El de Munro es de cuentos. Se enrolla demasiado, alargando excesivamente las historias. Es muy descriptiva, algo que no criticaría si la acción se saliese un poco más de lo rutinario y normal. Cada cuento alterna momentos entretenidos con momentos soporíferos, como si mi abuela se empeñase en contarme el árbol genealógico de los vecinos. Se la suele comparar con Chéjov, así que he vuelto a coger el libro de cuentos del ruso, y creo que exageran bastante quienes les comparan. Chéjov es más fluido que Munro. Si la novela de Matute pecaba de precocidad, el libro de Munro parece pecar de senilidad, la misma sensación que me produjo el Viaje al oriente de Hesse (1933).

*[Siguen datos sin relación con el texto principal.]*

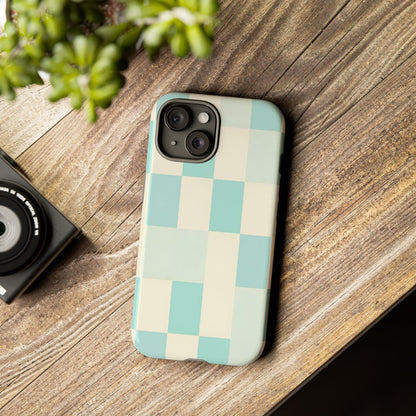 Pastel Checkerboard Tough Case – Mint & Cream Protective Phone Cover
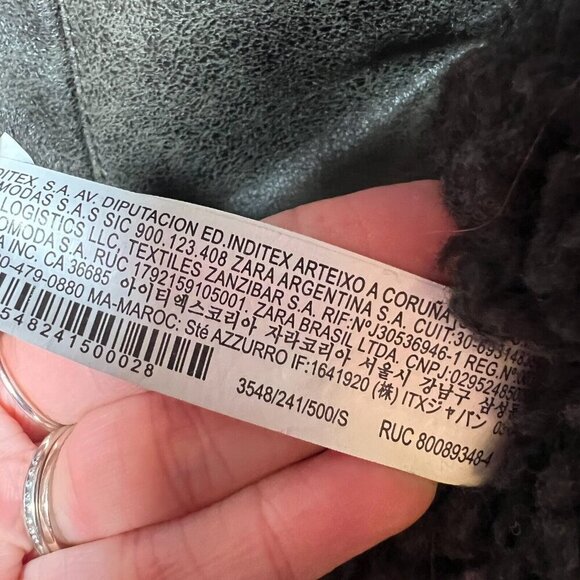 Zara Double Faced Aviator Faux Leather Jacket Size Small Green Shearling Sherpa - Picture 10 of 12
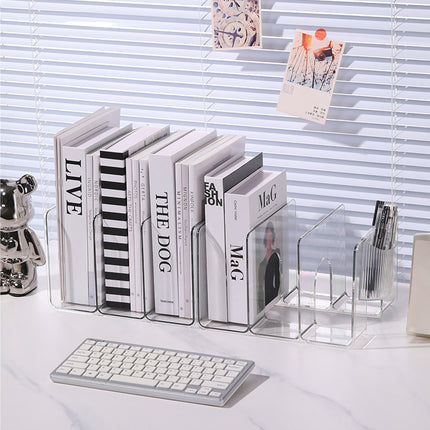 Transparent Desktop File Storage Rack Bookshelf Book Stand Table Rack Office Acrylic A4 Paper Finishing Box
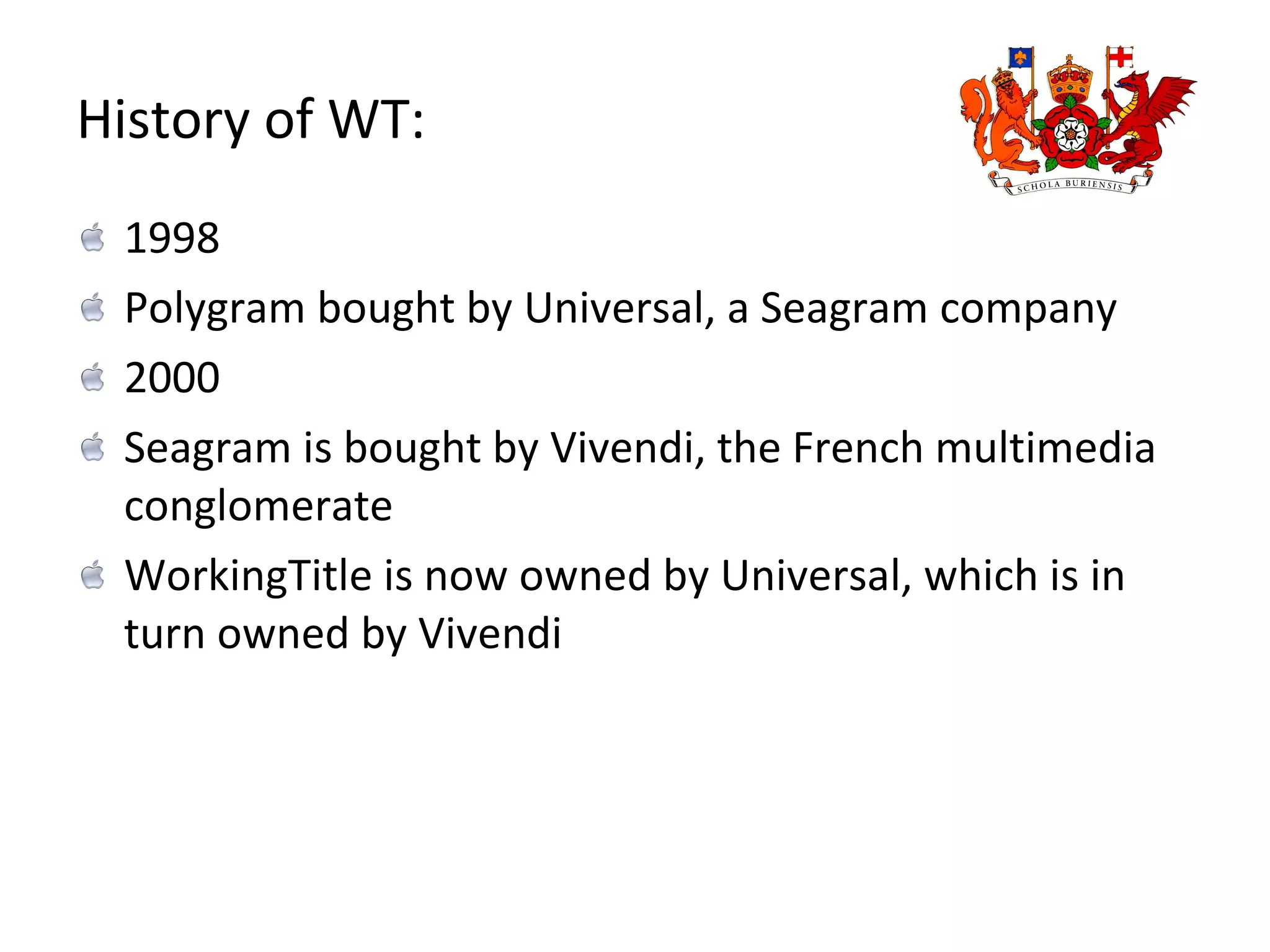History of WT: 1998  Polygram bought by Universal, a Seagram company 2000 Seagram is bought by Vivendi, the French multimedia conglomerate WorkingTitle is now owned by Universal, which is in turn owned by Vivendi 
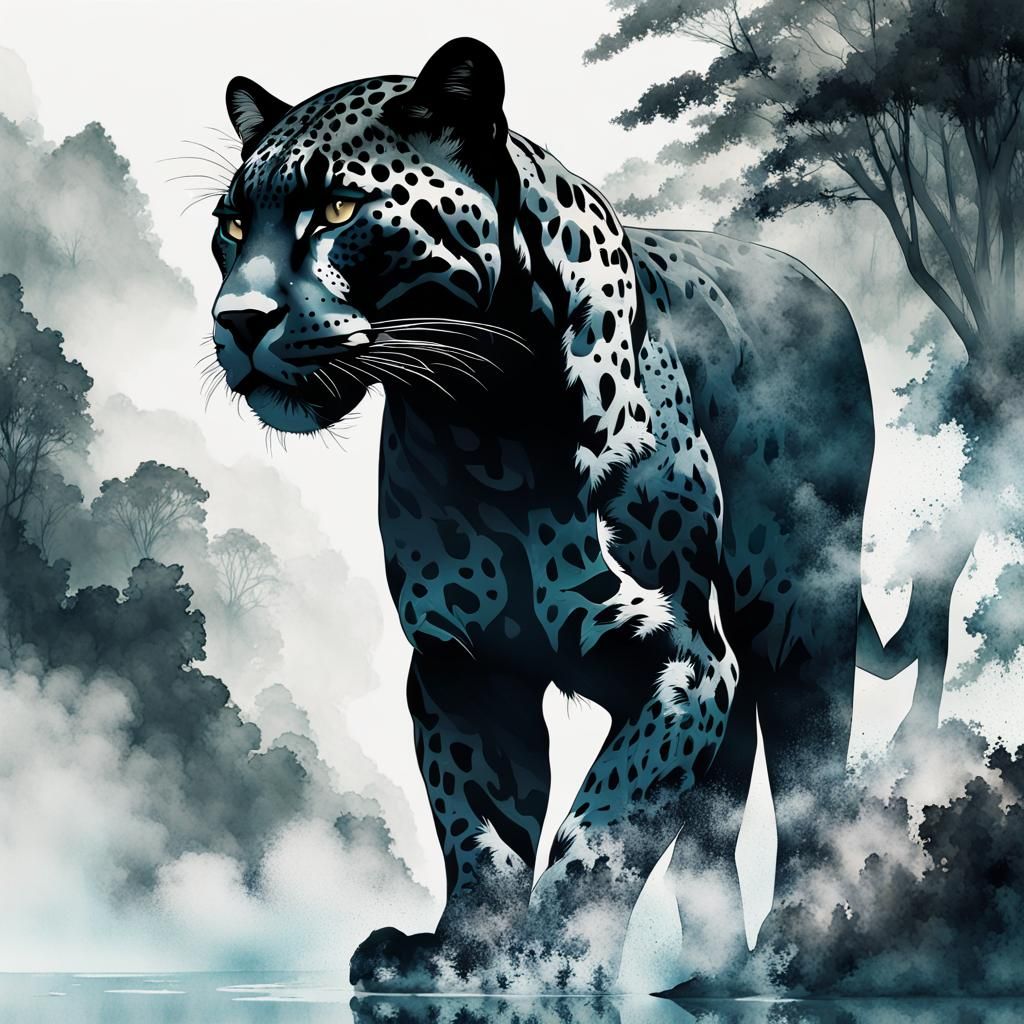 Jaguar Double Exposure in Jungle River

También, por insistencia de un gran amigo, leí parte de El Secreto (Rhonda Byrne), uno de esos camelos espiritualoides repetitivos, con tapas antimisiles y aspecto opulento (para disimular la ausencia de contenido).

La prioridad por leer novelas me ha hecho llevar poco a poco el genial Sobre el olvidado siglo XX, del historiador político Tony Judt, año 2006. En cuanto empiezo algún capítulo, es imposible dejarlo hasta que concluye. Judt es el autor del imprescindible Algo va mal (2009).

Asimismo, poco a poco, voy leyendo Tierra de saqueo (Sergi Castillo, 2013), la interesantísima obra periodística que desgrana toda la historia conocida de la trama Gürtel.

Mis próximas lecturas van a ser Pedro Páramo (Juan Rulfo, 1955) y Tierra desacostumbrada (Jumpha Lahiri, 2008).